The Webb group pursues theoretical and experimental work related to biophotonics and nanophotonics that incorporates basic research on fields and optics, communication and signal processing, and nanotechnology.
Coherent and incoherent aspects of imaging for in vivo and other applications are being investigated.
The coherent optical imaging work involves speckle imaging and motion in structured illumination as a basis for super-resolution. By statistically averaging over scatterer configurations, speckle intensity correlations over object position allow us to reconstruct a hidden moving object embedded inside scattering medium that can be as thick as centimeters of biological tissue. In a remote sensing setting, a similar setup can use a scattering layer as an analyzer to enhance sensitivity and to detect changes in the incident fields, for example, to detect subwavelength lateral displacement of an object.
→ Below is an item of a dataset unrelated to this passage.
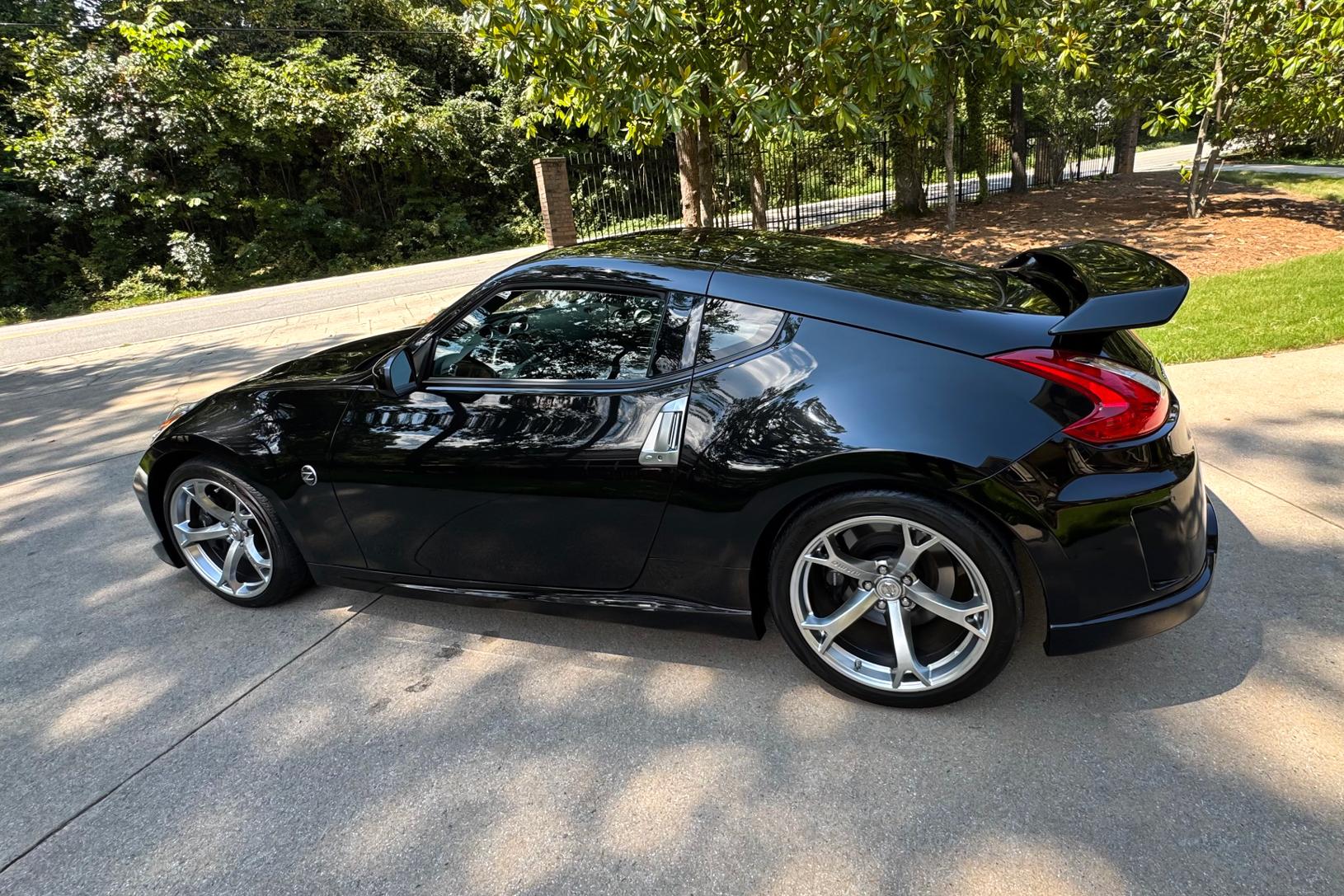 2011 Nissan 370Z NISMO
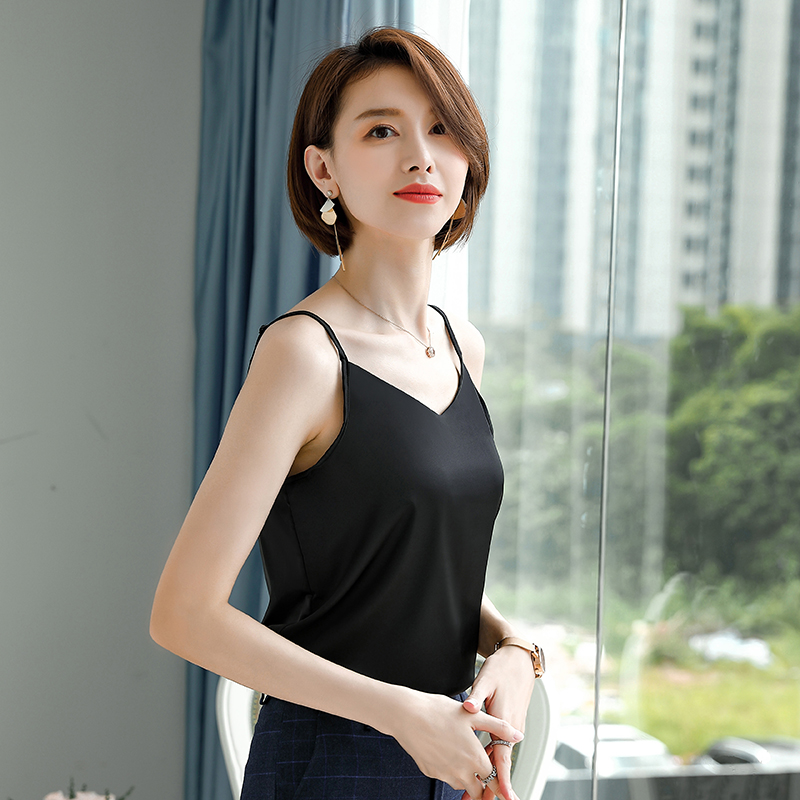Fashionable and minimalist interior bottom camisole for women 2025 autumn new design, niche temperament, versatile commuting vest Fashionable and minimalist interior bottom camisole for women 2025 autumn new design, niche temperament, versatile commuting vest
Using the coupled photon diffusion equations as a forward model for fluorescence, an inverse problem can be solved, allowing the calculation of fluorescence emitter locations along with optical properties of the medium. In particular, it can allow the tracking of neural activity in the brain and the reconstruction of neuronal networks. Within a localization framework, neuron-scale resolution is possible, opening the prospect of direct imaging of neuron activity throughout the brain.
The interaction of light with matter on the nanometer length scale is being studied with a view to new physical understanding and applications. This work spans super-resolution imaging, metamaterials, aperiodic structures for field control, and optomechanics.
Far subwavelength resolution of separation between dielectric scatterers is studied by accessing far-field information arising from moving the scatterers in a structured background electric field. The data obtained from numerical simulations is compared to noisy data generated from experiments and the correct separation between the scatterers is determined by minimizing a cost function. Future directions involve imaging such objects with far-subwavelength features with potential applications in semiconductor defect detection.
Aperiodic nanostructures can provide large degrees of freedom and perform functions that are not possible with periodic systems. We apply multivariate statistical analysis to investigate possible field control via aperiodic nanostructures and use it as a guideline to benefit the design process. In addition, the field statistics provide an improved understanding of the scattering properties of aperiodic nanostructures. We present a design method by which the electromagnetic pressure on a nanostructured binary material can be controlled in terms of both the enhancement and the direction. This offers new avenues for optomechanics.
We study electromagnetic wave and optical force behavior in nanostructured materials using simulations and with experiments. With an asymmetric cavity resonance, an order of magnitude larger force than the conventional limit on a perfect mirror, both pushing and pulling (in the sense of the incident light direction) has been discovered. This will benefit optomechanical applications such as all-optical switching, remote control, and laser propulsion.